いまさら聞けないExcelの使い方講座

【Excel】まだメールに添付してるの!? 強化された「共有」機能で共同作業の効率を大幅アップするエクセルのテク

 Excel(エクセル)は、仕事や普段の生活で使う機会の多い、最も身近なアプリケーションのひとつです。しかし、「イマイチよくわからないまま使っている」「実は少し苦手……」という人も多いのではないでしょうか? この連載では、いまさら人に聞けないけど、知っていれば必ず役に立つ、Excelを使いこなすためのノウハウを紹介します。

Excel 2016では共有の機能がより使いやすくなった!

 チームで1つのブックを作成するときや、完成した資料を上司や同僚に送るとき、メールを作成してブックを添付する操作が面倒だと感じたことはないでしょうか。

 そんなときは、ブックをクラウド(OneDrive)に保存し、それをメンバー間で共有する方法を使うと便利です。Excel 2016では、Excel 2013以前のバージョンに比べて共有の機能が大幅に強化され、操作も簡単になっています。この機能を利用すると、Excelのブックを開いた画面から、共有についてのお知らせメールをメンバーに直接送信できます。

 今回は、Excel 2016でより便利になった「共有」の使い方を解説します。

ブックをOneDriveに保存して共有のお知らせを送る

 OneDriveに保存したブックをメンバー間で共有するために、Excelの画面上での操作によってほかのユーザーに共有のお知らせメールを送る方法を解説します。なお、この先の操作を行うには、あらかじめMicrosoft アカウントでサインインしておく必要があります。

 まず、OneDriveのフォルダー(①)に、共有したいブック(②)を保存しておきます。

 または、Excelを使ってブックを開いた状態で、[ファイル]タブ→[名前を付けて保存]からOneDriveに保存しても構いません。

 こうしてOneDriveに保存しておいたブックを開き、画面の右上に表示されている[共有](③)をクリックすると、画面の右側に「共有」作業ウィンドウが表示されます。

 [ユーザーの招待]に、共有したい相手のメールアドレス(④)を入力し、権限を選択します。共有相手もブックを編集できるようにするときには[編集可能]を、共有相手に表示のみ許可するときには[閲覧可能]を選択します。ここでは相手も編集できるようにするため[編集可能](⑤)を選択しています。

 共有相手に送るメッセージ(⑥)を入力し、[共有](⑦)をクリックすると、相手のメールアドレスに、ブックの共有に関するお知らせメールが送信されます。

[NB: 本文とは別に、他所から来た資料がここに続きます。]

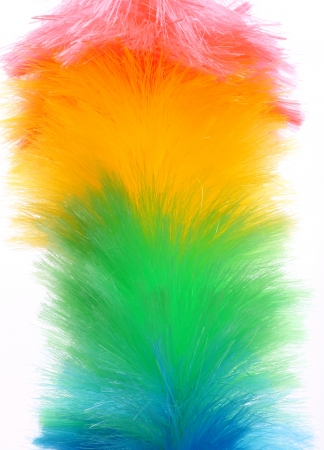 Soft colorful duster close-upの写真素材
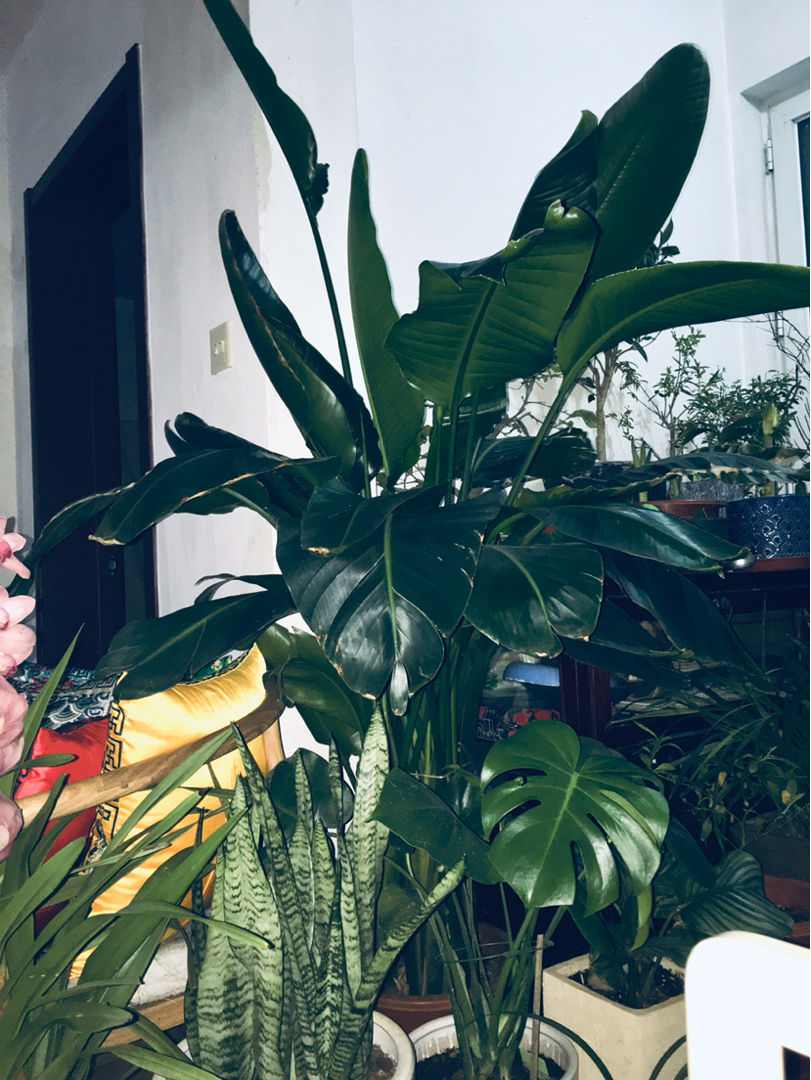 5种大叶子花千万别错过,气质十足有格调,放在家里很吉祥|橡皮树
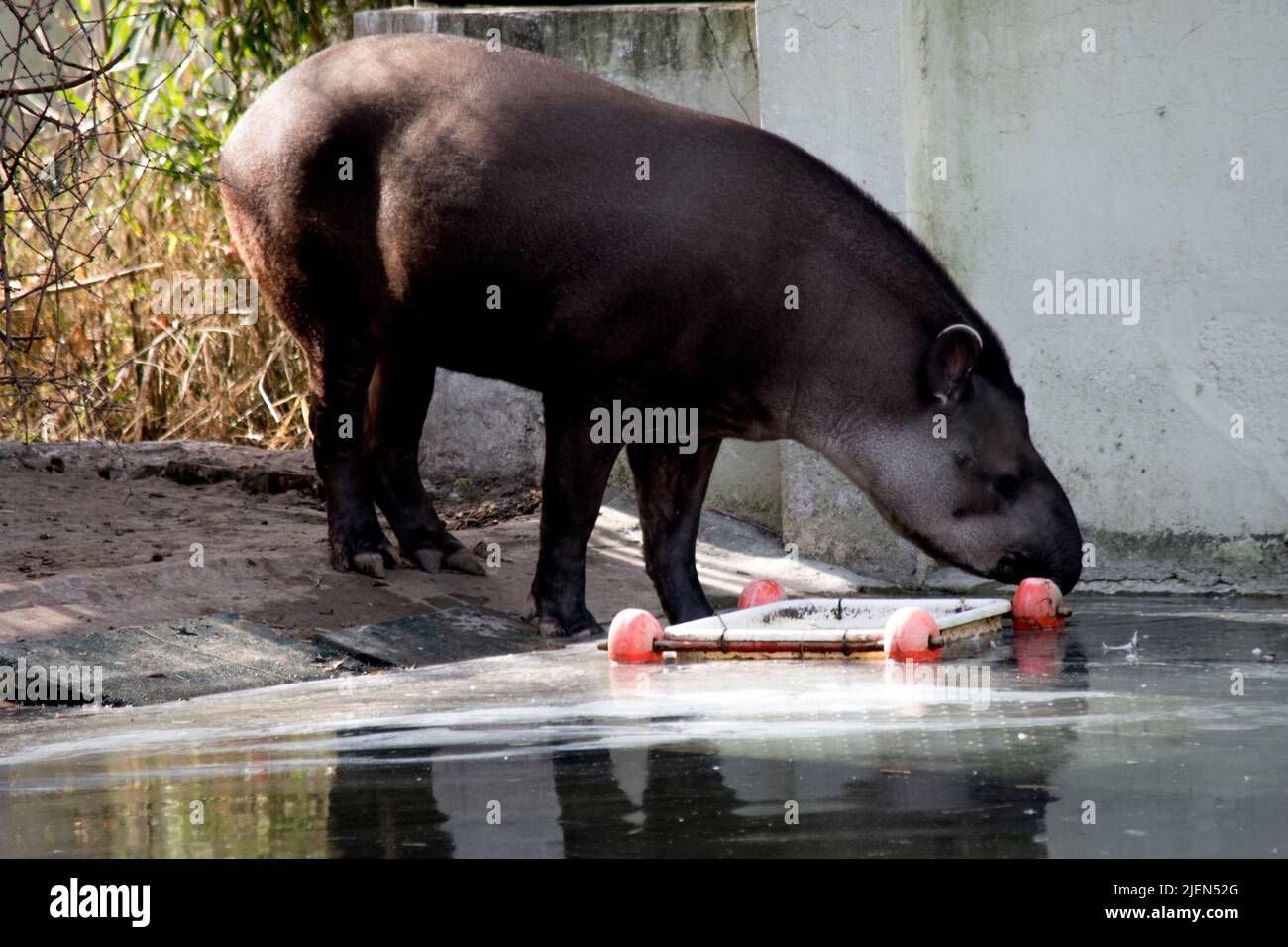 Portrait d'un tapir au zoo de Buenos Aires Banque D'Images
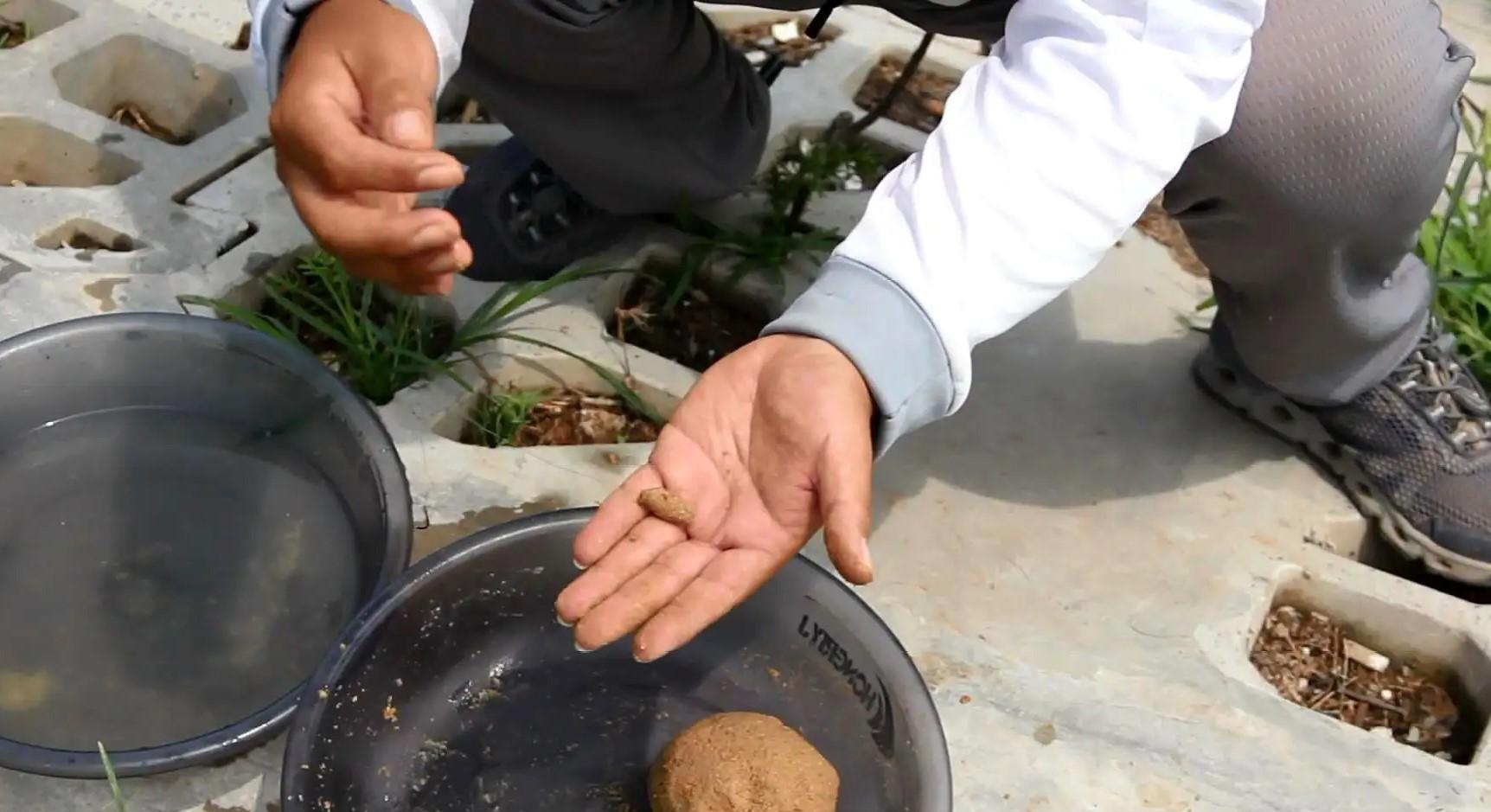 饵料|钓鱼，开好商品饵很难吗？教你开饵的正确方法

 メールが相手に送信されると、作業ウィンドウ上に共有相手の名前と権限(⑧)が表示されます。これで、ブックの共有の設定が完了しました。

共有のお知らせメールからExcel 2016でブックを開く

 次に、ブックの共有に関するお知らせメールを受け取ったユーザーがどのようにしてそのブックにアクセスすればよいかを解説します。

 共有のお知らせメールを開くと、[OneDriveで表示](①)というボタンが表示されているので、ここをクリックします。

 共有されたファイルが、Excel Online上で開かれるので、画面右上の[ブックの編集](②)→[Excelで編集](③)をクリックします。Excel 2016がインストールされていないパソコンでファイルを開いている場合は、[ブラウザーで編集]をクリックすればExcel Online上でブックを編集できます。

 Excel 2016でブックが開き(④)、閲覧・編集ができます。

 このブックを自分以外、誰も開いていなければ、そのままブックを編集できます。

 ただし、これまで紹介した方法で共有の設定をしても、共有している複数のメンバーで同じブックを同時に編集することはできません。今回の記事では具体的な手順は解説しませんが、リアルタイムでブックの同時編集ができるようにするには、Excelの[校閲]タブにある[ブックの共有]機能を使って、[複数のユーザーによる同時編集と、ブックの結合を許可する]設定をする必要があります。

Excel 2016ならブックをよりスムーズに共有できる!

 今回は、Excel 2016でブックを共有する方法を解説しました。

 ブックの編集画面から操作するだけで他のユーザーとの共有が設定できるので、わざわざメールソフトを起動してファイルを添付して……といった面倒な操作はもう不要になることでしょう。

 こんなに簡単にブックを共有できれば、作業の効率が上がって、チームの連携もより良くなるかもしれませんね! ブックを共有する際には、ぜひ今回解説した新機能を活用してみてください。